Le système immunitaire joue un rôle non seulement dans la défense vis-à-vis des pathogènes mais aussi dans l'élimination des cellules tumorales. Alice Carrier et ses collègues du Centre de recherche en cancérologie de Marseille révèlent une nouvelle fonction de la Sérine Protéase Spécifique du Thymus TSSP en démontrant qu'elle diminue l'incidence de cancers par le biais de son effet sur la maturation des globules blancs appelés cellules T CD4. Ces travaux publiés dans la revue Cell Reports mettent en lumière l'implication d'une enzyme régulatrice du système immunitaire dans la prévention du cancer et ouvrent de nouvelles perspectives de traitement par immunothérapie.
Figure: Illustration de l'importance de TSSP dans la suppression de tumeur via son impact sur une immunité anti-tumorale pleinement efficiente. La protéase TSSP est fortement exprimée dans des cellules stromales du thymus (cellules épithéliales du cortex thymique) impliquées dans l'éducation des lymphocytes T. Son activité est requise pour la maturation de sous-types de lymphocytes T CD4+. TSSP participe donc à l'établissement d'un répertoire élargi de cellules T (symbolisé par les petits cercles de différentes couleurs; haut de la figure). Les lymphocytes T jouent un rôle essentiel dans l'immunité anti-tumorale. En l'absence de TSSP (bas de la figure), le répertoire des lymphocytes T n'est pas aussi varié qu'en sa présence (symbolisé par une diminution de la diversité des couleurs des petits cercles). Ce défaut entraine une diminution de l'efficience de l'immunité anti-tumorale.
Alice Carrier et ses collègues du laboratoire de Juan Iovanna au Centre de Recherche en Cancérologie de Marseille (CRCM) avaient précédemment démontré que la Sérine Protéase Spécifique du Thymus TSSP joue un rôle dans la sélection dans le thymus de globules blancs appelés cellules T CD4, un processus qui permet l'élimination des cellules potentiellement auto-réactives et nuisibles, et la survie de cellules portant un récepteur adapté à la reconnaissance d'antigènes étrangers issus d'agents infectieux.
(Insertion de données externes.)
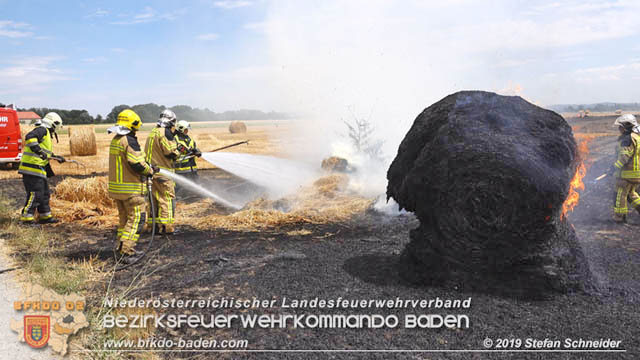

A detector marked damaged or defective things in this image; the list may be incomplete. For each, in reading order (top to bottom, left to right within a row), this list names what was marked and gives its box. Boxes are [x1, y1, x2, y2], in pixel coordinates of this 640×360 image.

burnt hay bale [388, 90, 596, 298]
charred bale [388, 90, 596, 298]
Les chercheurs révèlent dans cette nouvelle étude une fonction inédite de TSSP en démontrant, grâce à l'inactivation du gène TSSP chez la souris, qu'elle diminue l'incidence de cancers par le biais de son effet sur la maturation des cellules T CD4 dans le thymus. En effet, en l'absence de TSSP, l'incidence d'hépatocarcinomes et de lymphomes est accrue. L'incidence des cancers colorectaux en réponse à une inflammation intestinale est également augmentée. L'absence de TSSP favorise donc à la fois le développement de cancers spontanés et la formation de tumeurs induite par une inflammation chronique.
Les chercheurs révèlent également le mode d'action de TSSP: les cellules T CD4, dont TSSP régule la maturation, sont requises pour la prévention du cancer et TSSP affecte le type de molécules régulatrices de l'inflammation via les cellules T CD4, en particulier en diminuant la production de la cytokine IL-17 dont le rôle sur la formation de tumeurs du côlon est connu.
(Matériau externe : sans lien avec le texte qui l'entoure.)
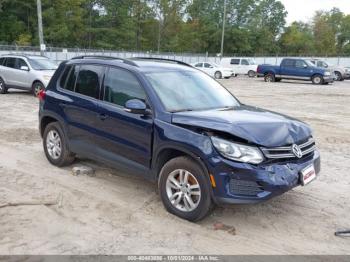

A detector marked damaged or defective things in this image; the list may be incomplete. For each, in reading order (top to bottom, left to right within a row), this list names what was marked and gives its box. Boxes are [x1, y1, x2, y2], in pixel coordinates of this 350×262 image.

crumpled hood [172, 105, 312, 147]
damaged front bumper [209, 149, 322, 205]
Ces travaux soulignent le rôle du système immunitaire dans le contrôle de la formation de tumeurs colorectales, ce qui doit être pris en compte dans les protocoles thérapeutiques. Les défauts de l'activité de l'enzyme TSSP chez les patients atteints de cancer restent à explorer. Cette connaissance pourra être utilisée pour optimiser les stratégies d'immunothérapie anticancéreuse, en particulier dans le cadre de traitements visant à stimuler l'immunité propre des patients. Cette étude fournit un modèle préclinique de choix dans ce contexte.